NH Governor Chris Sununu is back on the campaign trail. How do we know? The braggadocio machine is turned on, and cranked up to high volume.
In a newly published interview with CNBC we see a familiar theme:
“We’re booming,” New Hampshire Gov. Chris Sununu told CNBC.
New Hampshire’s real estate is selling quickly, Sununu said, adding that he’s getting frequent calls from companies looking to relocate to the “Live Free or Die” state.
Where have we heard this before?
NHPR April 2017:
Governor Chris Sununu says he’s more than made good on a key campaign promise: That he’d personally meet with 100 out-of-state businesses in 100 days.

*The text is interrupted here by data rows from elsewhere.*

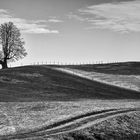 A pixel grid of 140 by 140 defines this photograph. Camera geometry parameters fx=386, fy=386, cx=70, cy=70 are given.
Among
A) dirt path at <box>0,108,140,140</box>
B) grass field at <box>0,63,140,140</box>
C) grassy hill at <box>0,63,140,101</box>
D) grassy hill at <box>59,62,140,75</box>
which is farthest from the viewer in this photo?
grassy hill at <box>59,62,140,75</box>

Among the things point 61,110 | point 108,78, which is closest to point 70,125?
point 61,110

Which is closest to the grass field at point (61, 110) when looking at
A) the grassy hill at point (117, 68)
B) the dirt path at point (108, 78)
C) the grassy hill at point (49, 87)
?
the grassy hill at point (49, 87)

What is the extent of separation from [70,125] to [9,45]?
6910 centimetres

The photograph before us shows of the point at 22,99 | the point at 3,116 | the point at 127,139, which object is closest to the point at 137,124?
the point at 127,139

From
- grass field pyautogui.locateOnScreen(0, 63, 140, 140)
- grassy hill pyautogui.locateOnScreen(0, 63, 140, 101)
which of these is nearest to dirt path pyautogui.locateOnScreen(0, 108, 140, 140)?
grass field pyautogui.locateOnScreen(0, 63, 140, 140)

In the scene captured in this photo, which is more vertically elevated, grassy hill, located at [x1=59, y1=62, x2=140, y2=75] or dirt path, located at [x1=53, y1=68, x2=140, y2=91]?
grassy hill, located at [x1=59, y1=62, x2=140, y2=75]

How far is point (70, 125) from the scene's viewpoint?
1470 inches

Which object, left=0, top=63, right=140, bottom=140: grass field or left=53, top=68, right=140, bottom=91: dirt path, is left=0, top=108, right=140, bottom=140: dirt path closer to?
left=0, top=63, right=140, bottom=140: grass field

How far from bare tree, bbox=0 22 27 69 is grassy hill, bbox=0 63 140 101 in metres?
10.9

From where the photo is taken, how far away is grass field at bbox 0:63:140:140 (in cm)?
3584

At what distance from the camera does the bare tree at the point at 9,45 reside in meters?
103

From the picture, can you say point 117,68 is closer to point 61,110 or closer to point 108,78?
point 108,78

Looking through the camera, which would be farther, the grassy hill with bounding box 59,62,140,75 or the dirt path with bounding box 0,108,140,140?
the grassy hill with bounding box 59,62,140,75

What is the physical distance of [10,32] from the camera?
104062 mm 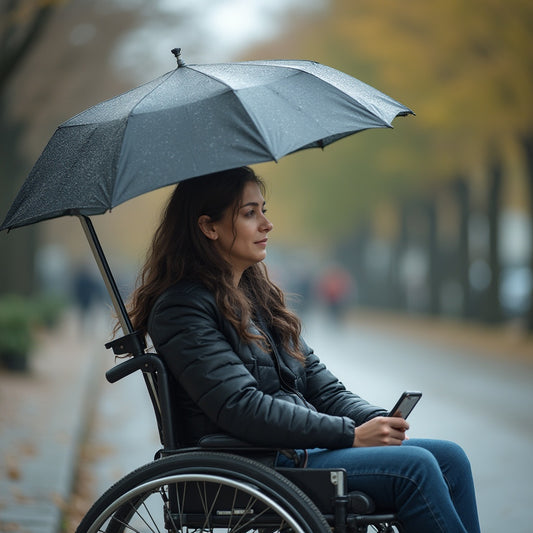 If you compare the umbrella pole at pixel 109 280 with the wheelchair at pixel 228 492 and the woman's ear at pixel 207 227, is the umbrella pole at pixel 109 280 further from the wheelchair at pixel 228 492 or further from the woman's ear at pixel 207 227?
the woman's ear at pixel 207 227

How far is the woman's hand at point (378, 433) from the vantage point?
3.50 metres

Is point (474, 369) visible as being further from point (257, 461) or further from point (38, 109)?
point (257, 461)

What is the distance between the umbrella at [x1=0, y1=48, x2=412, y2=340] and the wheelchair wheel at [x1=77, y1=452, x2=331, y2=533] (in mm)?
478

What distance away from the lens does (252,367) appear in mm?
3549

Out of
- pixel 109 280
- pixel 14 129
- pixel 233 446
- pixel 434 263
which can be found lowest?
pixel 233 446

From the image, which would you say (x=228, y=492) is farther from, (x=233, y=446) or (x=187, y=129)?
(x=187, y=129)

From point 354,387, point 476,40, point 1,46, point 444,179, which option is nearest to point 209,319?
point 1,46

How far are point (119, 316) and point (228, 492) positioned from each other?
719 millimetres

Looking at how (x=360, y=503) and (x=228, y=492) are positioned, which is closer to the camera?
(x=360, y=503)

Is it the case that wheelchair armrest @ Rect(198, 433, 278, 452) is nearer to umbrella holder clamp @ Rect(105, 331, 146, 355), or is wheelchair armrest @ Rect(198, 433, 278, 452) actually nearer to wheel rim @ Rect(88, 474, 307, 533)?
wheel rim @ Rect(88, 474, 307, 533)

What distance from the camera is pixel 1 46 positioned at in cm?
1098

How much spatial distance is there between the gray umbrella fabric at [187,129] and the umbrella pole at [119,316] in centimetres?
12

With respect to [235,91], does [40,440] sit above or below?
below

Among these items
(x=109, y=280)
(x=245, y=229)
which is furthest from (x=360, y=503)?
(x=109, y=280) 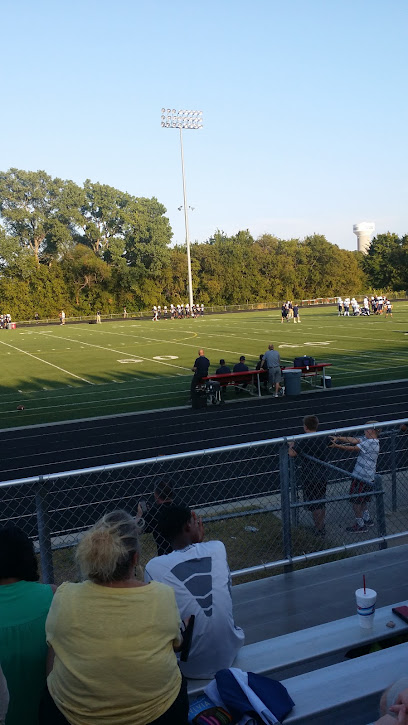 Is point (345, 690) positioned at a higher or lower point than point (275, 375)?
higher

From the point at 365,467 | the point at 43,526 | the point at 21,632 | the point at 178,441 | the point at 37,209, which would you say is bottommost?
the point at 178,441

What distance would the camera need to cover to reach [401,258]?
306ft

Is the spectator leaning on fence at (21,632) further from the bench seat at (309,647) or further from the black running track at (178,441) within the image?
the black running track at (178,441)

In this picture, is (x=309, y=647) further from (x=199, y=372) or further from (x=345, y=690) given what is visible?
(x=199, y=372)

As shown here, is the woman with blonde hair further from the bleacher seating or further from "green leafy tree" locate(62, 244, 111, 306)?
"green leafy tree" locate(62, 244, 111, 306)

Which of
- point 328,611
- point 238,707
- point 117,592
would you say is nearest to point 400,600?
point 328,611

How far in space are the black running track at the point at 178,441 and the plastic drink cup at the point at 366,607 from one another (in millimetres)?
5293

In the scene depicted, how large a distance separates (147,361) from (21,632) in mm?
24948

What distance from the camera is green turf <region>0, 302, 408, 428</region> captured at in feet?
61.7

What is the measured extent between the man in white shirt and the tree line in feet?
252

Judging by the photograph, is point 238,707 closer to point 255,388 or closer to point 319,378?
point 255,388

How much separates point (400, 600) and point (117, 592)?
2.97m

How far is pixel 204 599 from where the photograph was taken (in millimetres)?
3732

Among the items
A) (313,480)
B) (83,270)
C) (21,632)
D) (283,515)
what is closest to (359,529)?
(313,480) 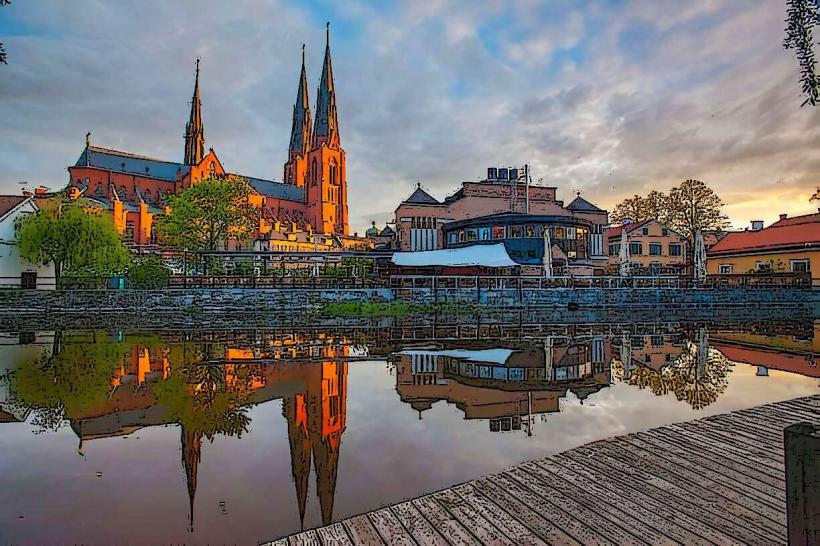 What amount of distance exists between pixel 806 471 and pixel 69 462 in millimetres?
6869

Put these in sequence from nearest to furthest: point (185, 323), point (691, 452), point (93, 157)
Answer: point (691, 452)
point (185, 323)
point (93, 157)

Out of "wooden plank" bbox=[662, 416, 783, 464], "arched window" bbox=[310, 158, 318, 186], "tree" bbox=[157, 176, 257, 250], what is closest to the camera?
"wooden plank" bbox=[662, 416, 783, 464]

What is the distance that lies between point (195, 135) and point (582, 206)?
5831cm

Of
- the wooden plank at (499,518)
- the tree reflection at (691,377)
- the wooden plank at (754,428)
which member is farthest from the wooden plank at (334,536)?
the tree reflection at (691,377)

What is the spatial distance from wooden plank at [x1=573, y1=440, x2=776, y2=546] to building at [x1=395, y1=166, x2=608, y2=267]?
3329cm

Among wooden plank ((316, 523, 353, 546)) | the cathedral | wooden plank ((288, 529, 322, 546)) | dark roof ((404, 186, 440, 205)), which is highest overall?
the cathedral

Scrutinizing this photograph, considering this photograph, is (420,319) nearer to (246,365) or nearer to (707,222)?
(246,365)

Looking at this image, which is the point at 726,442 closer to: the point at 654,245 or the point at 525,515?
the point at 525,515

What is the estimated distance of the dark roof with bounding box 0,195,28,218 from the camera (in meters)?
35.8

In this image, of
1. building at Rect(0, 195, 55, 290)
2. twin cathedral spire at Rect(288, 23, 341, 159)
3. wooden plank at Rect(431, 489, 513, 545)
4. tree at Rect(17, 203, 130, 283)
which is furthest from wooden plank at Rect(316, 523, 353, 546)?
twin cathedral spire at Rect(288, 23, 341, 159)

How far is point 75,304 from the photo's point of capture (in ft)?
96.0

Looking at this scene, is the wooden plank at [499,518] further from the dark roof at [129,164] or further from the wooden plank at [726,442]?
the dark roof at [129,164]

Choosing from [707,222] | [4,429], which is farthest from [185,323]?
[707,222]

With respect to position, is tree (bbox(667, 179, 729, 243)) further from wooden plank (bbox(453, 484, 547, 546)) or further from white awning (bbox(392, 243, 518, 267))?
wooden plank (bbox(453, 484, 547, 546)) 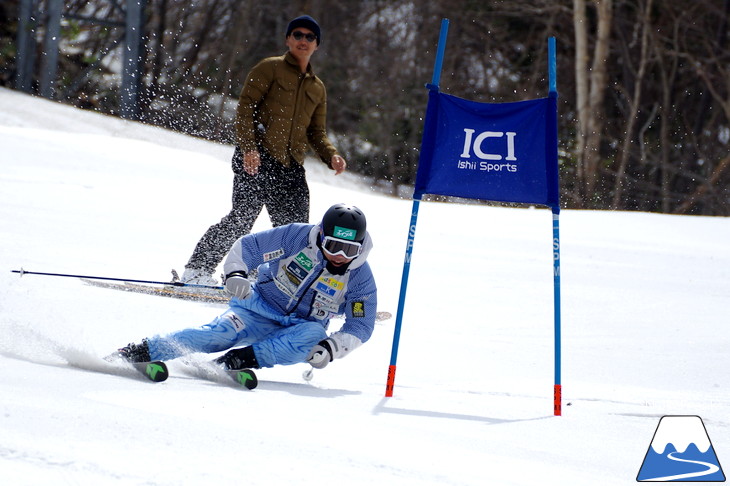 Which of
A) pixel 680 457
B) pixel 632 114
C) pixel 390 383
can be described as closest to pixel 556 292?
pixel 390 383

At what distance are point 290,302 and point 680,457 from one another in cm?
194

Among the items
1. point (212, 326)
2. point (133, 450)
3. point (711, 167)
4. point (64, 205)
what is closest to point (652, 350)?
point (212, 326)

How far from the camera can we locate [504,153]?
483 centimetres

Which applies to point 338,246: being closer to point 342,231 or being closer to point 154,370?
point 342,231

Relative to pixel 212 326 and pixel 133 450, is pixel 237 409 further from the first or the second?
pixel 212 326

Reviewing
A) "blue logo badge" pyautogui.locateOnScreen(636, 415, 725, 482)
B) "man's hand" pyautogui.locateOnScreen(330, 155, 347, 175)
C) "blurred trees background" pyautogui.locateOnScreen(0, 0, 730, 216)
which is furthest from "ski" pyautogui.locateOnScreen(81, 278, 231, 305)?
"blurred trees background" pyautogui.locateOnScreen(0, 0, 730, 216)

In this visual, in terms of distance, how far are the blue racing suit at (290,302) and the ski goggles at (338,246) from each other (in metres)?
0.07

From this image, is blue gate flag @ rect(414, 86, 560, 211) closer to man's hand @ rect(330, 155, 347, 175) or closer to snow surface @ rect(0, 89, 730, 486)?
snow surface @ rect(0, 89, 730, 486)

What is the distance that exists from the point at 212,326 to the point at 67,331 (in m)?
0.95

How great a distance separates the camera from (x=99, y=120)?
16766mm

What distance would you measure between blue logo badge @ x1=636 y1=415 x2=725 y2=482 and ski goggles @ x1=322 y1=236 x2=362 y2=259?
150 centimetres

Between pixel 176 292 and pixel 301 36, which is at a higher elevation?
pixel 301 36

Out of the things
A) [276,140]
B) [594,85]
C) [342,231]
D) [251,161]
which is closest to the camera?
[342,231]

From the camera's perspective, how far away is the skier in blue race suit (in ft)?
15.6
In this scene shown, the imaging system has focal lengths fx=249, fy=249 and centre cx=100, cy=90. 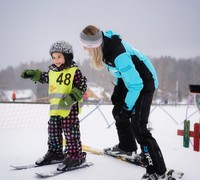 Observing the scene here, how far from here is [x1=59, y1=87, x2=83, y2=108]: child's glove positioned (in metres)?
2.73

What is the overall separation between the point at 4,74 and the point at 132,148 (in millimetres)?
75860

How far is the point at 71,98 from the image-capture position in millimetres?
2768

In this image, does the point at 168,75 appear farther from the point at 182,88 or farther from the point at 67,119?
the point at 67,119

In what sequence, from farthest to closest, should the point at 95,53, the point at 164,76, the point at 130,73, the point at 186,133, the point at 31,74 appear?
the point at 164,76 < the point at 186,133 < the point at 31,74 < the point at 95,53 < the point at 130,73

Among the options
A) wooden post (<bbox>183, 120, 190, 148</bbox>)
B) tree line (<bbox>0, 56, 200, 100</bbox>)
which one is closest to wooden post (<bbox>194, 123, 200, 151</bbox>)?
wooden post (<bbox>183, 120, 190, 148</bbox>)

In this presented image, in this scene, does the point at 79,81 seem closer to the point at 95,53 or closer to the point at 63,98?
the point at 63,98

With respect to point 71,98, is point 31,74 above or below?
above

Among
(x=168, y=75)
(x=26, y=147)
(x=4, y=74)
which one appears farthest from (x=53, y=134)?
(x=4, y=74)

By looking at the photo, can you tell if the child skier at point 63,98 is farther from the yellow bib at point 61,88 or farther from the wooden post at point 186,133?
the wooden post at point 186,133

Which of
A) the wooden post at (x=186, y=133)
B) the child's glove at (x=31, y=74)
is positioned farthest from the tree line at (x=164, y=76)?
the child's glove at (x=31, y=74)

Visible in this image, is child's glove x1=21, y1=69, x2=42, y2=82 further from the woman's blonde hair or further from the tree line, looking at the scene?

Sununu says his outreach is symbolic of his administration’s commitment to economic development, but the Governor couldn’t say any companies would relocate here, and wouldn’t share the names of any companies he met with.
NHPR 2018 in an interview asked about businesses moving to NH:
"Yeah, we've seen businesses come in. I sat with a woman from a small company in Arizona. I sat with a gentleman with a small company just outside of Montreal. He's in Berlin now, she's over in Portsmouth. We have had large companies come in. We talked to businesses in Massachusetts all the time that are trying to, again, create more opportunity and flexibility for themselves and their workers. They're coming up here. We have had businesses that were thinking one time of leaving, expanding elsewhere, like Hitchiner or BAE. They're now here and they're investing millions of dollars right here in New Hampshire. Lonza is a great example of an international company that decided, with the Trump tax cuts, they were going to make a very large investment in one of their facilities around the world. They chose Portsmouth."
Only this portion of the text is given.